January 30, 2008
BETH SCHERR, PLAINTIFF-RESPONDENT,
JOSEPH DELSANTRO AND CYNTHIA DELSANTRO, DEFENDANTS-APPELLANTS.
On appeal from Superior Court of New Jersey, Chancery Division, General Equity Part, Sussex County, Docket No. C-31-07.
NOT FOR PUBLICATION WITHOUT THE APPROVAL OF THE APPELLATE DIVISION
Argued January 8, 2008
Before Judges Coburn, Fuentes and Chambers.
Defendants, Joseph and Cynthia Delsantro, appeal from the order of the Chancery Division, General Equity Part, granting plaintiff Beth Scherr the relief of specific performance in connection with this breach of contract case involving the sale of defendants' home. We affirm substantially for the reasons expressed by Judge Langlois in her well-reasoned oral opinion delivered from the bench on October 26, 2007. In so doing, we incorporate by reference the factual finings articulated by Judge Langlois, which are well-supported by the evidence presented at trial. Rova Farms Resort, Inc. v. Investors Ins. Co., 65 N.J. 474, 483-84 (1974).
We add only the following brief comments. The dispositive issue here is whether defendants are entitled to insist, as a matter of law, that plaintiff satisfy the literal requirement of the mortgage contingency clause. Even assuming, arguendo, that the mortgage contingency date was deemed by the parties as time of the essence, the evidence shows that plaintiff obtained a written mortgage commitment within the timeframe established by the contract.
Defendants nevertheless argue that a plain reading of the contingency clause required plaintiff "to forward" to defendants a copy of the written mortgage commitment. In our view, acceptance of this argument would elevate form over substance, and renders the court powerless to consider whether justice and equity demand a different result. In this light, we note that defendants cannot, and indeed do not, argue or even allege that they were prejudiced in any way by plaintiff's failure to comply with the literal requirement of this clause in the contract.

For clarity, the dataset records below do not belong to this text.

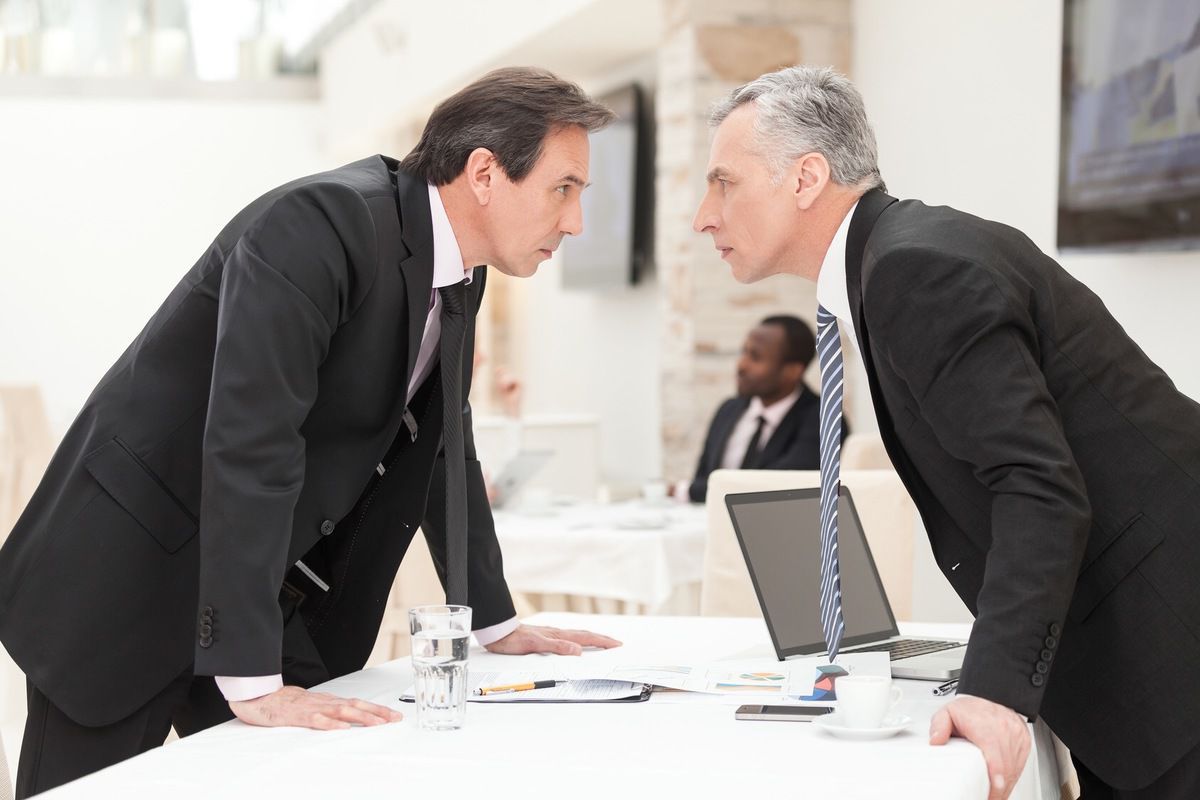 Агресія в офісі: як тактовно поставити колегу на місце. Правила, які допоможуть вам не зіпсувати стосунки та обернути ситуацію на свою користь.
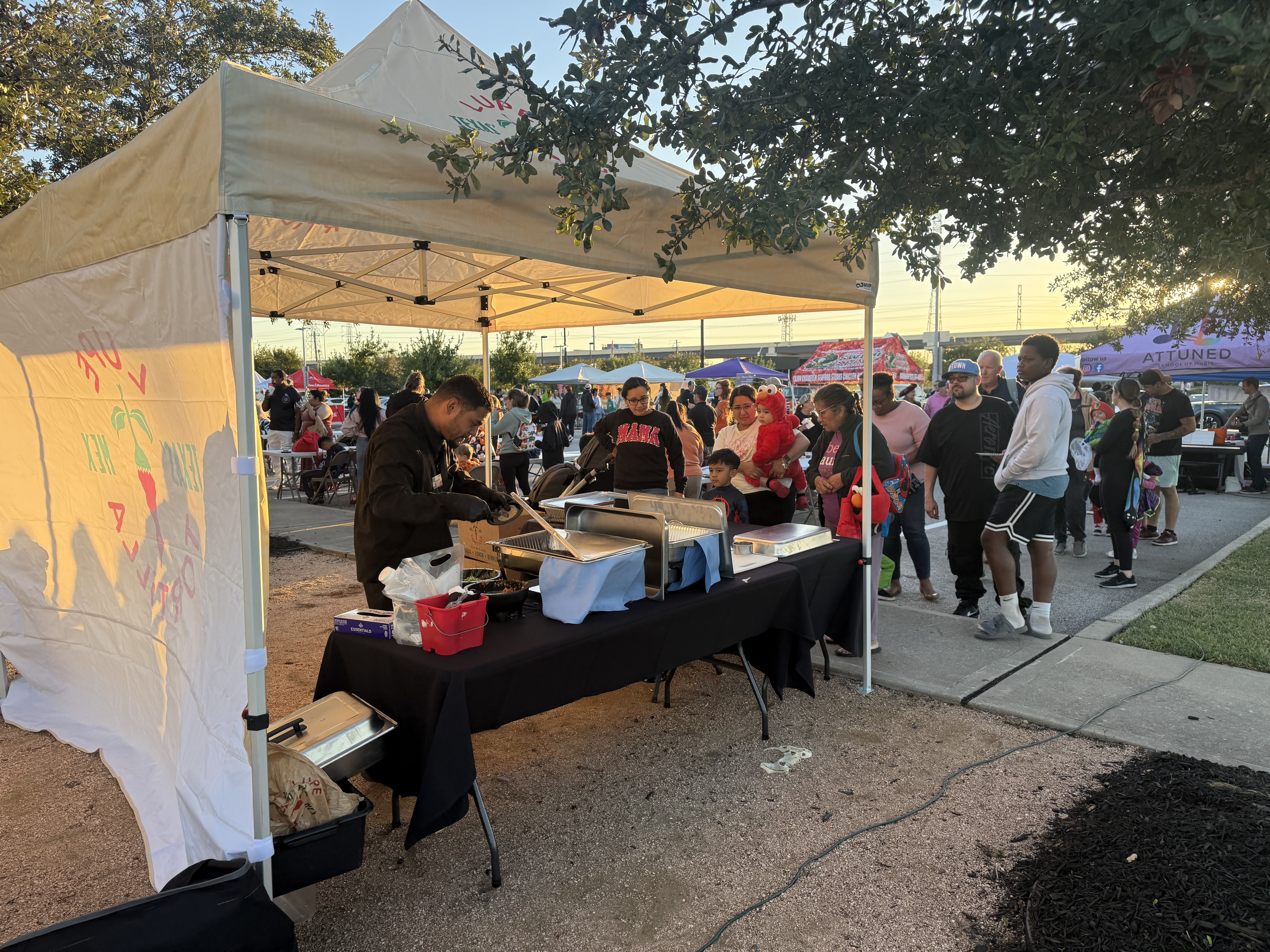 2025 Trunk or Treat, Shop, & Eat Photo 15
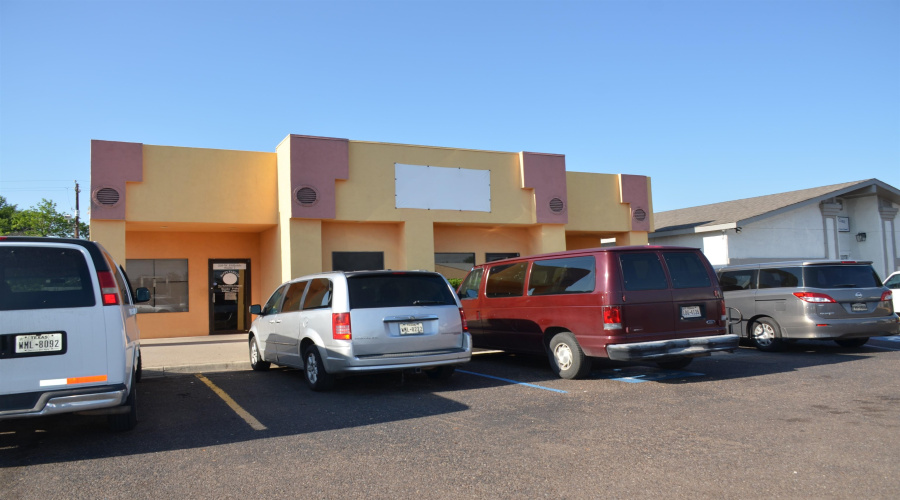 220 W Hillside Rd, Laredo, Texas 78041-6903, 1 Room Rooms,3 BathroomsBathrooms,Commercial retail/office,For Sale,220 W Hillside Rd,20263080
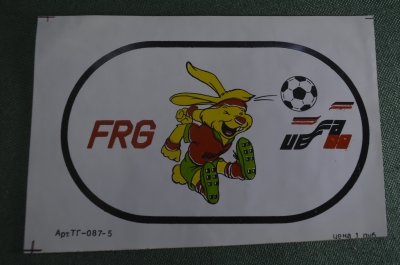 Наклейка "Футбол Заяц футболист". ФРГ. Германия. Футбол. UEFA 1988. Сделано в СССР.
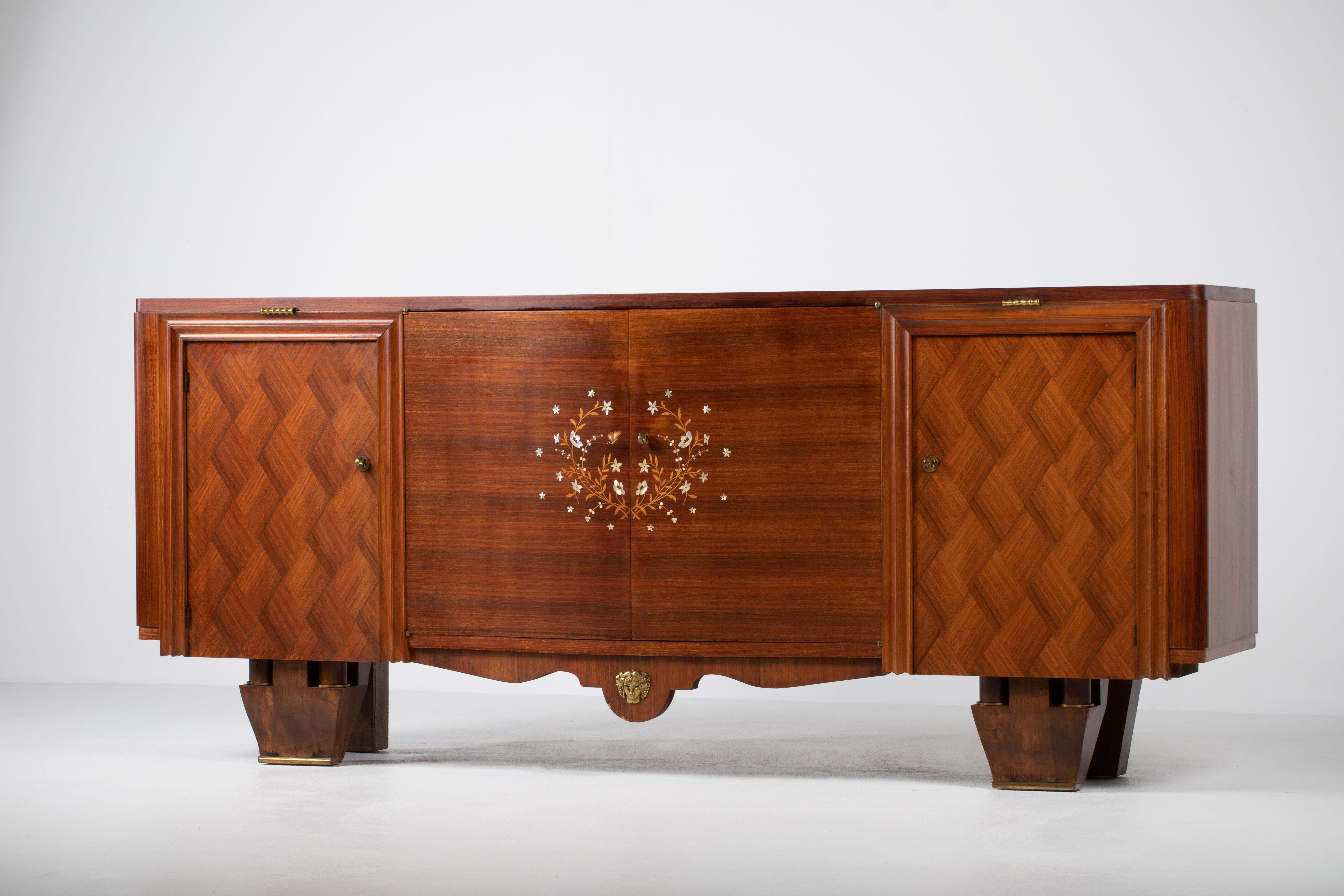 Composizione di luminosa raffinatezza, questa credenza francese Art Déco rivela un linguaggio di tranquilla opulenza e grazia disciplinata. Incorniciato in un'impiallacciatura di limoni le cui venature si dispiegano come una filigrana increspata, il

As noted by Judge Langlois, the mortgage contingency clause here had a dual purpose: (1) to protect a buyer from the consequences of financial incapacity; and (2) to provide the sellers with a date certain for the return of the property to the market. Here, the potential prejudice to the sellers of removing the property from the market place never occurred. As emphasized by Judge Langlois, "the sellers already had the right to continue to market this property throughout the timeframe of this transaction." Thus, plaintiff satisfied the core provisions of the mortgage contingency clause by procuring a written mortgage commitment within the timeframe established by the contract. Under similar circumstances, we have upheld the relief ordered by the trial court here. Gross v. Lasko, 338 N.J. Super. 476, 485-86 (App. Div. 2001).
In interpreting a contract, a court's primary mission is to ascertain the intent of the parties from the language used in the agreement. Highland Lakes Country Club Cmty. Ass'n v. Franzino, 186 N.J. 99, 115-16 (2006) (quoting Marchak v. Claridge Commons, Inc., 134 N.J. 275, 282 (1993)). In going about this task, substance must prevail over form. Here, Judge Langlois found that plaintiff (1) obtained a written mortgage commitment within the timeframe established by the contract; and (2) defendants received actual notice of this fact when plaintiff's agent conveyed this information orally to defendants' agent. From these facts, we are satisfied that Judge Langlois's decision to grant plaintiff the relief of specific performance is supported by the competent evidence.
Defendants have also challenged plaintiff's application for consequential monetary damages. We decline to consider this issue because Judge Langlois has not acted upon plaintiff's request for this type of relief. We note, however, that any decision on the question of damages must contain an explanation as to why the matter of damages was not heard and decided by the court in the context of a unitary trial.